Exercise prompt — Within the records below, reproduce without change the lines from the line that has "Ussam Home Stay" through the line that has "Apartment with 3", and only those.

Records contained in a dataset —
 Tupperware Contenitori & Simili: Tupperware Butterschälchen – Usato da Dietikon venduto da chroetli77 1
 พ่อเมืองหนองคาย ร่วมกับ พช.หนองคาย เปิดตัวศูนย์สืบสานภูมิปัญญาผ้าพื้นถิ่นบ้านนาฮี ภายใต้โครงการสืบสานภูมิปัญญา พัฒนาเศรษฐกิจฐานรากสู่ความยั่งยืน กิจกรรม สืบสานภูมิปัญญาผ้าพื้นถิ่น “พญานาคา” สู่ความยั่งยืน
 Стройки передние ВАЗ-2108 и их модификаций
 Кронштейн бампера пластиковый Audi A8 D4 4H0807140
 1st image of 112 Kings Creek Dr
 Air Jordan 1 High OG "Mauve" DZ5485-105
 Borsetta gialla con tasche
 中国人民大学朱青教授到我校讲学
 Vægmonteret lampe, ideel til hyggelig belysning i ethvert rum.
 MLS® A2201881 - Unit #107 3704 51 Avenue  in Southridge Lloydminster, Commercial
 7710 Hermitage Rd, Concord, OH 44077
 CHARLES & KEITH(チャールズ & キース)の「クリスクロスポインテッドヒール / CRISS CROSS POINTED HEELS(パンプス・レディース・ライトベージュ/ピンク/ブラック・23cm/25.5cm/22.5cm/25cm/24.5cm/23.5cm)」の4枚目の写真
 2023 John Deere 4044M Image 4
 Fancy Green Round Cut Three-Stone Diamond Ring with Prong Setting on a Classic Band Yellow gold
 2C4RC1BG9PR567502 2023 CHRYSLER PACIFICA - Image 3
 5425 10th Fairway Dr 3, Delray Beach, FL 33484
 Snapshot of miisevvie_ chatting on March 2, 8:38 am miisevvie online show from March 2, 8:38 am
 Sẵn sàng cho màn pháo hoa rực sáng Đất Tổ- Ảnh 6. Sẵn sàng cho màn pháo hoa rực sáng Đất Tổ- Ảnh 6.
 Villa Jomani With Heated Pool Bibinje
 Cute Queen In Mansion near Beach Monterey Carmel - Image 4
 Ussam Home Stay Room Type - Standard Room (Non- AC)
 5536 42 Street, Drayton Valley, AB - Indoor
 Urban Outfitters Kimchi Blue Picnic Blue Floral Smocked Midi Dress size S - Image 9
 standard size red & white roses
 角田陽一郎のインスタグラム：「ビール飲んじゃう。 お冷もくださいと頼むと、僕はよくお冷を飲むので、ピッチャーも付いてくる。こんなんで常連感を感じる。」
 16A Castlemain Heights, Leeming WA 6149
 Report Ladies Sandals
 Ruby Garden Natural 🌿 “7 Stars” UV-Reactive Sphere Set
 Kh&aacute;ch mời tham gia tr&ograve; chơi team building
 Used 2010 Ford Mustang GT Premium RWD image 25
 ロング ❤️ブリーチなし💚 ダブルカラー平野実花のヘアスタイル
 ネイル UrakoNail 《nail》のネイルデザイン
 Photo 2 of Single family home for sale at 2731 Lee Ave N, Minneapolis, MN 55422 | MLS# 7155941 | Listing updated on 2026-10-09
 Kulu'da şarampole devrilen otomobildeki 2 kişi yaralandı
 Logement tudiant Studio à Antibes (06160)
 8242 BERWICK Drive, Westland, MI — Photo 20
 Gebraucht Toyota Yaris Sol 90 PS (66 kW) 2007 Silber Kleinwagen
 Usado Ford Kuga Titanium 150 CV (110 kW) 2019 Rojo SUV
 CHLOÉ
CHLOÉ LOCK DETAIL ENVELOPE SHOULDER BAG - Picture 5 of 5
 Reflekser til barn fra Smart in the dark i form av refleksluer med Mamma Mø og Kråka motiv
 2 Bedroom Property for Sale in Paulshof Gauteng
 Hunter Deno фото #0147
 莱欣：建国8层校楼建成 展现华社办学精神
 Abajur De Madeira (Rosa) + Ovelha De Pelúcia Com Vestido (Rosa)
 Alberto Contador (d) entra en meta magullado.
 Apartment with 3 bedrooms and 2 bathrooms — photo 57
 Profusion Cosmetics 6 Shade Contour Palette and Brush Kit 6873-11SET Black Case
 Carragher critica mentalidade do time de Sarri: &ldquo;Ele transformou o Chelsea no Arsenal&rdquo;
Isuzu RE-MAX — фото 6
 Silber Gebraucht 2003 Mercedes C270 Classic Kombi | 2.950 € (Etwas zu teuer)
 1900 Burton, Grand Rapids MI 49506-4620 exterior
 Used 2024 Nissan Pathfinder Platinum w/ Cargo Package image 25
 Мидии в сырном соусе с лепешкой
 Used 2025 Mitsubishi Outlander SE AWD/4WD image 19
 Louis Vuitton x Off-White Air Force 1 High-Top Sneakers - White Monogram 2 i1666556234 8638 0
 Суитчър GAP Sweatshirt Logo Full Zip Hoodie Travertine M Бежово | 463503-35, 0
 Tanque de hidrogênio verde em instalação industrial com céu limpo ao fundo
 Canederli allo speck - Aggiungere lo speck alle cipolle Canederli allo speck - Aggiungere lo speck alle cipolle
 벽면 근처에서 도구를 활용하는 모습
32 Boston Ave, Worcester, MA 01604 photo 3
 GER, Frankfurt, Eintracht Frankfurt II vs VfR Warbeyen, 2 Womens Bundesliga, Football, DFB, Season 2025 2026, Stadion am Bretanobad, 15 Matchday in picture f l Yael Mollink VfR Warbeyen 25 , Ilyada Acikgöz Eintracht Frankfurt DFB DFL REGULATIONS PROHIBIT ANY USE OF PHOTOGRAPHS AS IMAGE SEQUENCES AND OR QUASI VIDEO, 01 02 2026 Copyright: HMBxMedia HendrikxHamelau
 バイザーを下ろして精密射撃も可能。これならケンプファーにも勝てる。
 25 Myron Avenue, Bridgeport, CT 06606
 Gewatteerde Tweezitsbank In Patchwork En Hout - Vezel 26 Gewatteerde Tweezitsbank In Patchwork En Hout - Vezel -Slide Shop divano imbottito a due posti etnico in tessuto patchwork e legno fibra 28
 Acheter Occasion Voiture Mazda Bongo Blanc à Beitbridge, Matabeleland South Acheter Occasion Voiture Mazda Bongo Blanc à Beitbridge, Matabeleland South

Answer to this problem —
 Ussam Home Stay Room Type - Standard Room (Non- AC)
 5536 42 Street, Drayton Valley, AB - Indoor
 Urban Outfitters Kimchi Blue Picnic Blue Floral Smocked Midi Dress size S - Image 9
 standard size red & white roses
 角田陽一郎のインスタグラム：「ビール飲んじゃう。 お冷もくださいと頼むと、僕はよくお冷を飲むので、ピッチャーも付いてくる。こんなんで常連感を感じる。」
 16A Castlemain Heights, Leeming WA 6149
 Report Ladies Sandals
 Ruby Garden Natural 🌿 “7 Stars” UV-Reactive Sphere Set
 Kh&aacute;ch mời tham gia tr&ograve; chơi team building
 Used 2010 Ford Mustang GT Premium RWD image 25
 ロング ❤️ブリーチなし💚 ダブルカラー平野実花のヘアスタイル
 ネイル UrakoNail 《nail》のネイルデザイン
 Photo 2 of Single family home for sale at 2731 Lee Ave N, Minneapolis, MN 55422 | MLS# 7155941 | Listing updated on 2026-10-09
 Kulu'da şarampole devrilen otomobildeki 2 kişi yaralandı
 Logement tudiant Studio à Antibes (06160)
 8242 BERWICK Drive, Westland, MI — Photo 20
 Gebraucht Toyota Yaris Sol 90 PS (66 kW) 2007 Silber Kleinwagen
 Usado Ford Kuga Titanium 150 CV (110 kW) 2019 Rojo SUV
 CHLOÉ
CHLOÉ LOCK DETAIL ENVELOPE SHOULDER BAG - Picture 5 of 5
 Reflekser til barn fra Smart in the dark i form av refleksluer med Mamma Mø og Kråka motiv
 2 Bedroom Property for Sale in Paulshof Gauteng
 Hunter Deno фото #0147
 莱欣：建国8层校楼建成 展现华社办学精神
 Abajur De Madeira (Rosa) + Ovelha De Pelúcia Com Vestido (Rosa)
 Alberto Contador (d) entra en meta magullado.
 Apartment with 3 bedrooms and 2 bathrooms — photo 57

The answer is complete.